• EXERCISE
Lines from the listing below that contain the string "фото" are to be reported.

• THE DATA
Segment Open
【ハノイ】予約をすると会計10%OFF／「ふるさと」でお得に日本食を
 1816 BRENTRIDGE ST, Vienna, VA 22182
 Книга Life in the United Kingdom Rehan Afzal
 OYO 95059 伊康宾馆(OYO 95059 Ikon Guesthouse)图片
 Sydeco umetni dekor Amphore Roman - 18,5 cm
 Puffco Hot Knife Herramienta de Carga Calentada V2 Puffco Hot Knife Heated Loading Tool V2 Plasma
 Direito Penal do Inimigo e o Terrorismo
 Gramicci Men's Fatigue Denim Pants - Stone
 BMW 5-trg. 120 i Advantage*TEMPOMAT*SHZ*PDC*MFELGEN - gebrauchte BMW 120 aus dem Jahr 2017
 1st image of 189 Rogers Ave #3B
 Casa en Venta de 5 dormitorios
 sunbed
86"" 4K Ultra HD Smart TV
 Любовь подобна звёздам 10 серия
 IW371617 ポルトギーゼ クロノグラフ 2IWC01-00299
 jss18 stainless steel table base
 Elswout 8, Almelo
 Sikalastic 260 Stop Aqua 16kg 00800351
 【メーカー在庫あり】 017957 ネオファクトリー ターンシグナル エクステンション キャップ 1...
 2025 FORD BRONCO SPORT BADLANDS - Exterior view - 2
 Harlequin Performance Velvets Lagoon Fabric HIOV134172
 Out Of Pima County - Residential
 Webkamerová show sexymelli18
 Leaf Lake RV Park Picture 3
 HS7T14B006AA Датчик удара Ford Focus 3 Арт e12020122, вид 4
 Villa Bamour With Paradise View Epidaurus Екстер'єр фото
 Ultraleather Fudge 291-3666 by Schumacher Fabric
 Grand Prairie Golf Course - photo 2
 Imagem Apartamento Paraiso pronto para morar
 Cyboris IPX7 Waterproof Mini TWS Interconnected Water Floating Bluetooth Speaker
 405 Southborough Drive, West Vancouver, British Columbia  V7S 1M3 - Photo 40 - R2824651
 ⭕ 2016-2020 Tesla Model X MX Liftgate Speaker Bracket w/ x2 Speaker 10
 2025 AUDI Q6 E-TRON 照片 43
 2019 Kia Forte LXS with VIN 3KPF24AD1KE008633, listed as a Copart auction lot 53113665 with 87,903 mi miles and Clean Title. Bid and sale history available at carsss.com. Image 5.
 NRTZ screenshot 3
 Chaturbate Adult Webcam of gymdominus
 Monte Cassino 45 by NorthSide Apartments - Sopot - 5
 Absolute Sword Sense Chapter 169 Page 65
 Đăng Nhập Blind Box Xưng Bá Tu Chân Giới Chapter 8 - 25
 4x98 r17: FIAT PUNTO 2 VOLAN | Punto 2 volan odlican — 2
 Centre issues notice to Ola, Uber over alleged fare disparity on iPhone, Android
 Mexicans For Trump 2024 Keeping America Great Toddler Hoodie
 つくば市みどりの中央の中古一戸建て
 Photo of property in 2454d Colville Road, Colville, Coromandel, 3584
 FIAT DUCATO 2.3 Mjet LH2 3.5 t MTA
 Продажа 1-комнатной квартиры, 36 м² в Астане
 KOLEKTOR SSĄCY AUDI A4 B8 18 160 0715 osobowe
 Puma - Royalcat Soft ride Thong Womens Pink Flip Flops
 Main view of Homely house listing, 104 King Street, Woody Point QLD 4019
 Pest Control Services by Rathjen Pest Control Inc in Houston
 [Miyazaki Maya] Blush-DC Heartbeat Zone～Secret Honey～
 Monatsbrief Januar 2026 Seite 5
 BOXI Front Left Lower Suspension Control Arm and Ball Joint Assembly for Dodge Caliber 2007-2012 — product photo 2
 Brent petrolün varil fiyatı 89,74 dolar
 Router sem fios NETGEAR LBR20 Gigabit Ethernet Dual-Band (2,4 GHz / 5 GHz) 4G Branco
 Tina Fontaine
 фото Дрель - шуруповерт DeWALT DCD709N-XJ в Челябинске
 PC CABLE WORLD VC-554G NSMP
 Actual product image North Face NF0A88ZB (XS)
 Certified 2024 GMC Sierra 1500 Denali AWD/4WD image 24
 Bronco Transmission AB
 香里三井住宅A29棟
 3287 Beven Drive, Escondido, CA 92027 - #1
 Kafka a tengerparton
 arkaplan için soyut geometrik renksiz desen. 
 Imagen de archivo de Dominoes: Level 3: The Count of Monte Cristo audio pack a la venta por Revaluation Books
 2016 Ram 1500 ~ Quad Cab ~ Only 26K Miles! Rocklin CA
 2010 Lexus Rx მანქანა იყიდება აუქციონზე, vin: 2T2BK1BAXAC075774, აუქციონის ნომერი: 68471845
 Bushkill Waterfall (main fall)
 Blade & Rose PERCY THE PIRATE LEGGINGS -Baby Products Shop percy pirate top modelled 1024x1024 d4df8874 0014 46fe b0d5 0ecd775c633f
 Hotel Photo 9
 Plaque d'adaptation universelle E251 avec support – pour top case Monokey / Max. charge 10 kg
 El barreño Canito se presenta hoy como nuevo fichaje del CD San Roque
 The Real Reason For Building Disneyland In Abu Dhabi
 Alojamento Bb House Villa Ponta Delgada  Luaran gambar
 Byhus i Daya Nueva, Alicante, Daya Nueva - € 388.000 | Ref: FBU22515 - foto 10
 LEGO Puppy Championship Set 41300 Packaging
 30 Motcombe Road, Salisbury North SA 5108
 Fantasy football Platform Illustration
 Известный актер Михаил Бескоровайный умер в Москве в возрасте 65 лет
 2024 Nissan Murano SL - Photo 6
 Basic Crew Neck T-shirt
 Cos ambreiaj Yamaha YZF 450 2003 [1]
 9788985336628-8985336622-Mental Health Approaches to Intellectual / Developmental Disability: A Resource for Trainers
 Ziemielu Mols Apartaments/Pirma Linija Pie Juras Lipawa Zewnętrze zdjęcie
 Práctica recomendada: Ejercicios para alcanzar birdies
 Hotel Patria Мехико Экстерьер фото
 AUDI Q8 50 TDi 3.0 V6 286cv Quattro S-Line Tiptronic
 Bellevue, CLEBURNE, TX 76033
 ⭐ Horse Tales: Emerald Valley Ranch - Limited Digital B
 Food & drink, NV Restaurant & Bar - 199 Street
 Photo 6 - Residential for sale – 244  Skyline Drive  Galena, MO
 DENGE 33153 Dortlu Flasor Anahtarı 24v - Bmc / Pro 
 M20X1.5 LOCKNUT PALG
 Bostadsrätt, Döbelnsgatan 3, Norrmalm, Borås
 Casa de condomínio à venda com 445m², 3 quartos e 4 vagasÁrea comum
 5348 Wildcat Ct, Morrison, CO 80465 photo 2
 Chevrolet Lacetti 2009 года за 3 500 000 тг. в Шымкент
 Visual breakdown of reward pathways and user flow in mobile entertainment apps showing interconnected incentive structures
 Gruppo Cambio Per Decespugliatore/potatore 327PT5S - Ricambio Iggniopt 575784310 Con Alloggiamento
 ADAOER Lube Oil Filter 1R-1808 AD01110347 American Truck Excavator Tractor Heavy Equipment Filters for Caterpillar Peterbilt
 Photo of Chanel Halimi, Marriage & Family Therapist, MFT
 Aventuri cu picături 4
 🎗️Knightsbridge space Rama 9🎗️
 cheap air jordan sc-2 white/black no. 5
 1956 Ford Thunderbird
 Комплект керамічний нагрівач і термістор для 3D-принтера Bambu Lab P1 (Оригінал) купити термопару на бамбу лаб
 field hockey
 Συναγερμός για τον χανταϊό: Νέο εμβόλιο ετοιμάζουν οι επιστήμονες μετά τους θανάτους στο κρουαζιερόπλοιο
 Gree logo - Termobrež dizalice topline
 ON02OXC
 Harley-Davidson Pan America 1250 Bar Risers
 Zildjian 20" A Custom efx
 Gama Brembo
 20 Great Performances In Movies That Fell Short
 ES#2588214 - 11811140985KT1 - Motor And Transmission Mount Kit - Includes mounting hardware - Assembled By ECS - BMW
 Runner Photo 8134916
Segment Closed
• SOLVED PROBLEM
 Villa Bamour With Paradise View Epidaurus Екстер'єр фото
 фото Дрель - шуруповерт DeWALT DCD709N-XJ в Челябинске
 Hotel Patria Мехико Экстерьер фото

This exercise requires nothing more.